HONG KONG (Reuters) - A court in southern China on Friday jailed four activists who had publicly supported Hong Kong’s pro-democracy Occupy Central movement and who had criticized the Chinese Communist Party on social media, a lawyer said.
Two of them, Xie Wenfei and Wang Mo, were sentenced to four-and-a-half years by the intermediate people’s court in the city of Guangzhou after having been found guilty of “inciting subversion of state power”, their lawyer Chen Keyun told Reuters by telephone.
The Guangzhou Intermediate court declined to give any details of the charges or sentences when contacted by Reuters.
Chen said Xie and Wang had held up placards on a Guangzhou street in support of Hong Kong’s youth-led Occupy Central movement that saw tens of thousands block major roads for 79 days in late 2014 to pressure Beijing for full democracy in the Chinese-controlled city.
“This does not constitute any illegal behavior. On the contrary, we think not only were they not inciting subversion to the state’s power, but they were actually safeguarding the state’s power,” said Chen. He denounced the sentence, saying the men should be free to call for universal suffrage as a fundamental right.
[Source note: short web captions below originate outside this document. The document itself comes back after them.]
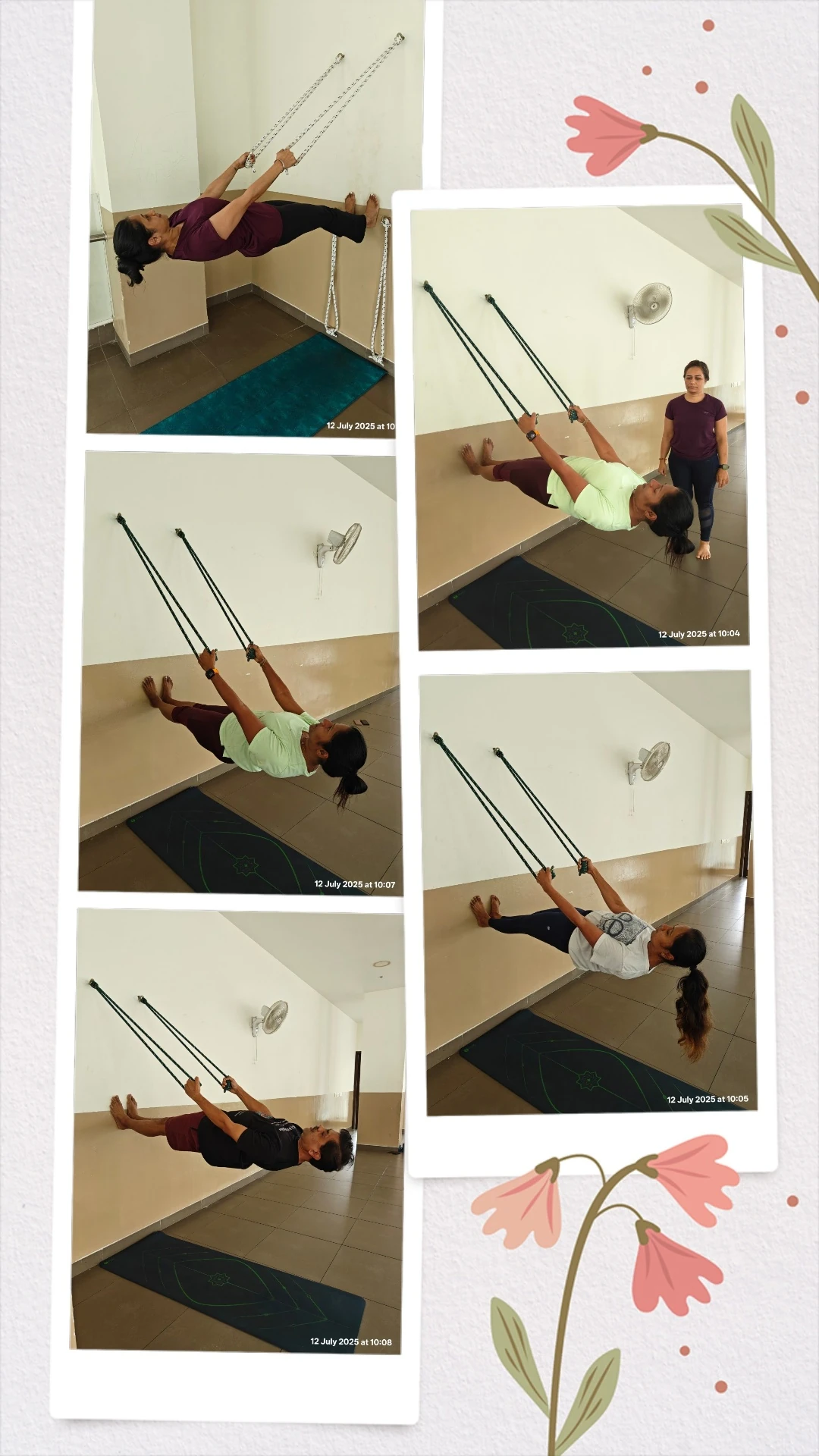 Pranayama breathing techniques meditation session - Jigisha Parikh yoga instructor demonstrating Anulom Vilom alternate nostril breathing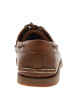 Thumbnail Mocassins en cuir camel à semelle plate avec des surpiqûres sur l’empeigne - Image 6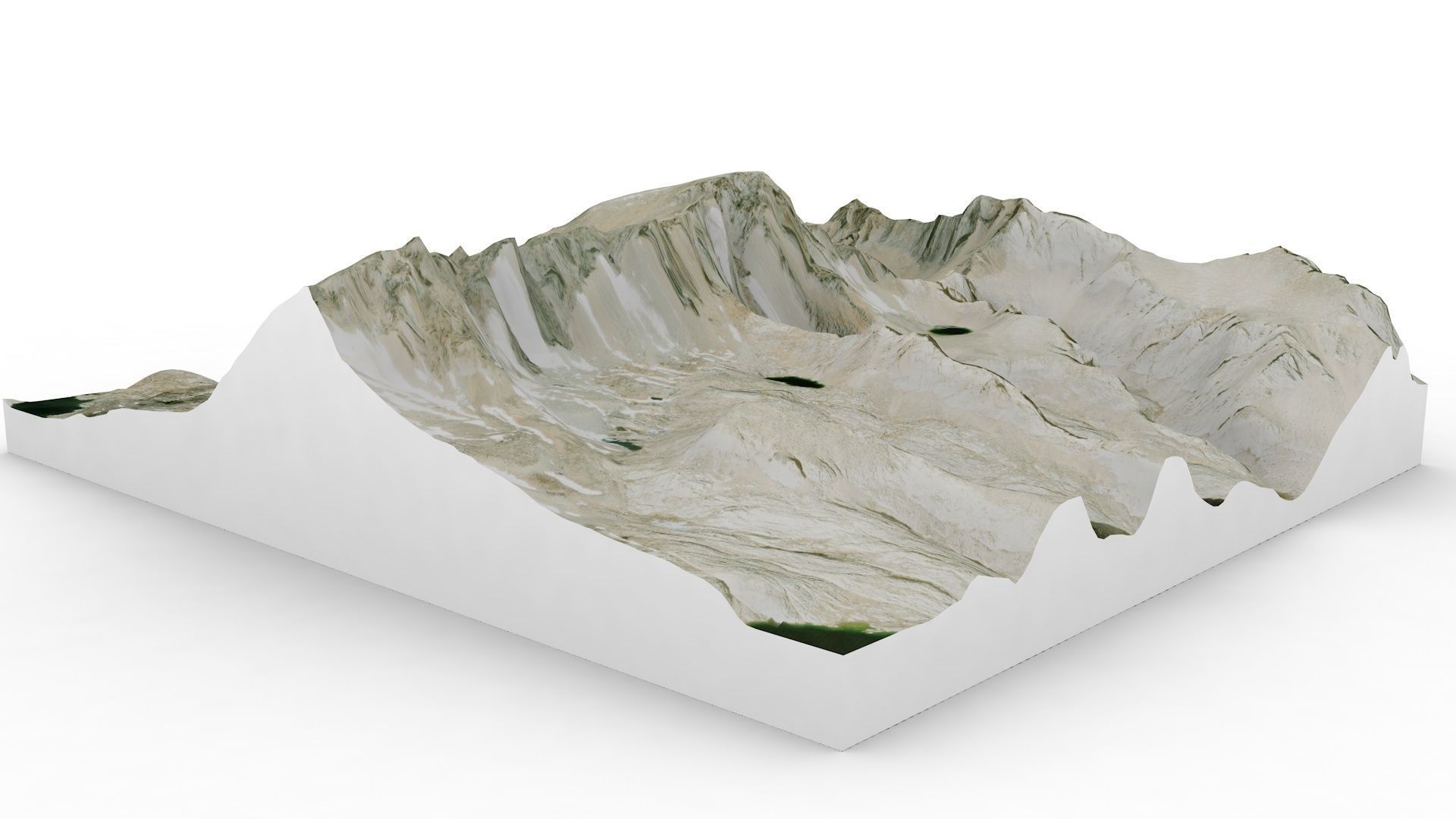 Mount Whitney 3D model_1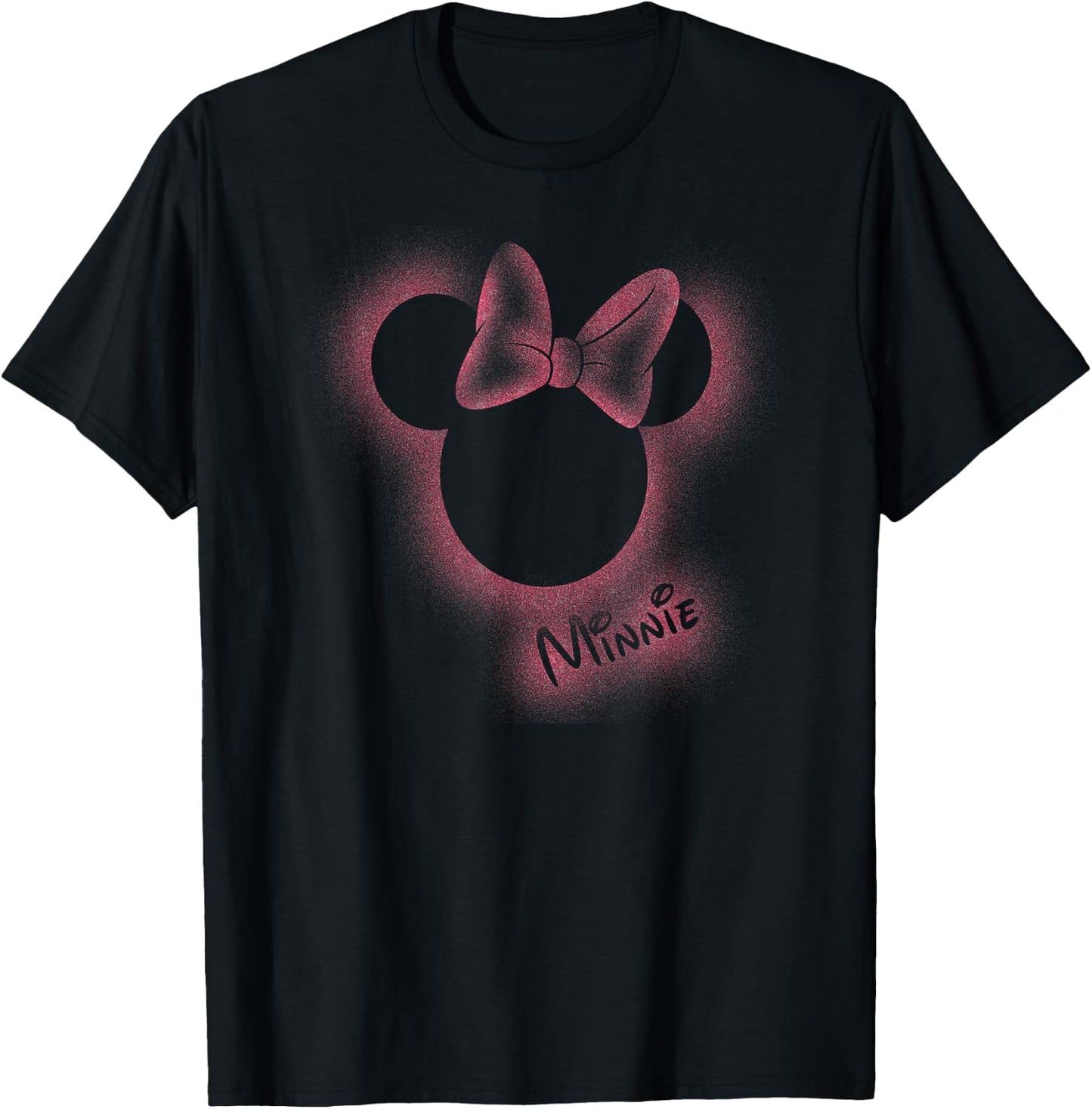 Disney - Minnie Mouse Stencil T-Shirt - T-Shirt | Black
The pair had also openly posted messages on Twitter and Weibo criticizing the ruling Communist Party and calling for an end to one-party rule.
Two others, Zhang Rongping and Liang Qinhui, were jailed for four years and one-and-a-half years respectively on similar charges. They, too, had expressed support for Hong Kong’s Occupy movement. Their lawyers, however, weren’t reachable for comment.
Security was tight outside courthouse with a large number of police vans parked outside. Foreign reporters and diplomats were barred from the courtroom, one witness there told Reuters.
In March, the United States and 11 other countries at the United Nations criticized China’s crackdown on human rights and its detentions of lawyers and activists.
Chinese police have detained about 250 human rights lawyers, legal assistants, and activists across the country since a nationwide crackdown began last July, according to the U.N., though a number have since been released.
The former British colony of Hong Kong returned to Chinese rule in 1997 with the promise of wide-ranging autonomy, including an independent legal system and freedom of speech.